This month we’re interviewing Amélia Del Rosario Sanz Cabrerizo, a researcher and professor at Universidad Complutense de Madrid. She teaches comparative literature and cyber culture (general understanding of challenges of cyber developments; digital means, transformation of mentalities in daily lives, etc.), as well as an introduction to using databases for undergraduates.
1. Can you briefly describe yourself: your background and the research you’ve done using historic newspapers?
I have worked on Comparative Literature from my PHD up to now, mainly Spanish and French Cultural Relationships. At the very beginning I worked on influences and reception, but I have been moving towards the notions of circulation and transfer, I mean from a national (or nationalist approach) to a more local and global one. At that time, I used to look for one type of item in a single magazine: for example, serialised French novels with German characters in one concrete French Journal in 1917. So I was very familiar with research on just one newspaper, looking for texts mainly.
2. Your work highlights the importance of newspapers as an information source. How did you discover the link between your research topic and the information recorded by the press?
From the 18th century up to now, newspapers have been a primary source for researchers working on how public opinion is built. I read Marc Angenot’s works, particularly 1889 as an example of systematic analysis from newspapers.
Curiously, journalese — the language used in newspapers — is considered a marginal corpus for linguistics, but not for us, as researchers on cultural phenomena: it is one of our main corpus:
- Because it is highly edited, so elaborated, a discursive construction;
- With very specific restrictions, I mean subject to medium;
- It is a plural discourse since it involves a lot of voices and not just influenced by one single author, but by a huge amount of them.

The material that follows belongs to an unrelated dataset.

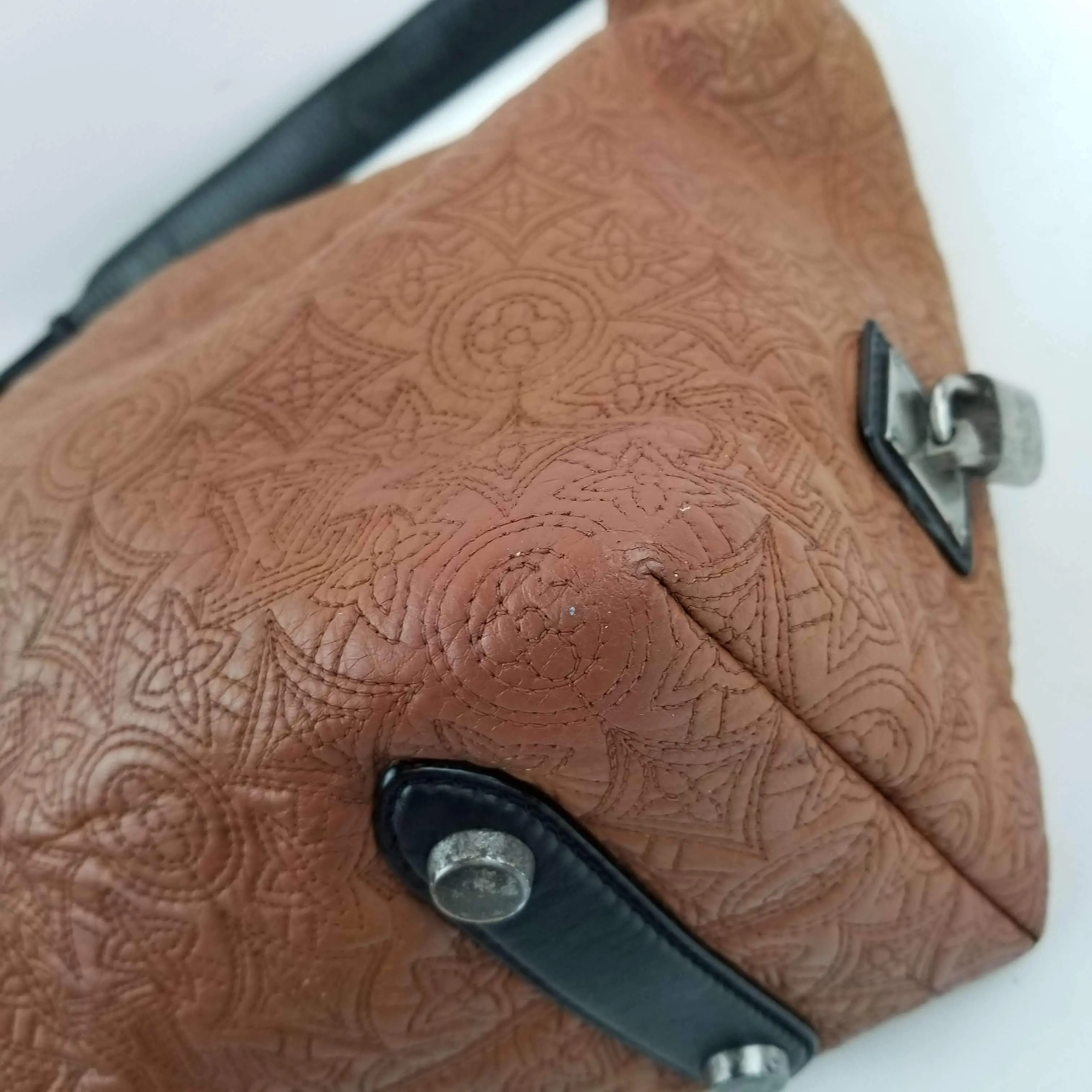 Louis Vuitton Caramel Monogram Antheia Leather Hobo PM Bag - Image 11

3. Was this the first time that you had used newspapers as a source of information for research, and did it change the way that you perceive newspapers? In other words, were you surprised by what you could research using newspapers?
For my PHD, I worked on last 17th century Spanish romans reception, when newspapers were not so many and not so important, but when I began to work on 18th and 19th century, and after reading Marc Angenot as I said, It was obvious that I had to use newspapers. The problem was which ones (because it was a very time-consuming task) and where (because I had to go to the National Library in Paris or in Madrid so it was a very hard and expensive task).
4. How would you compare newspapers to other sources of information such as books and journals? Are there certain aspects of newspapers that just can’t be replicated anywhere else?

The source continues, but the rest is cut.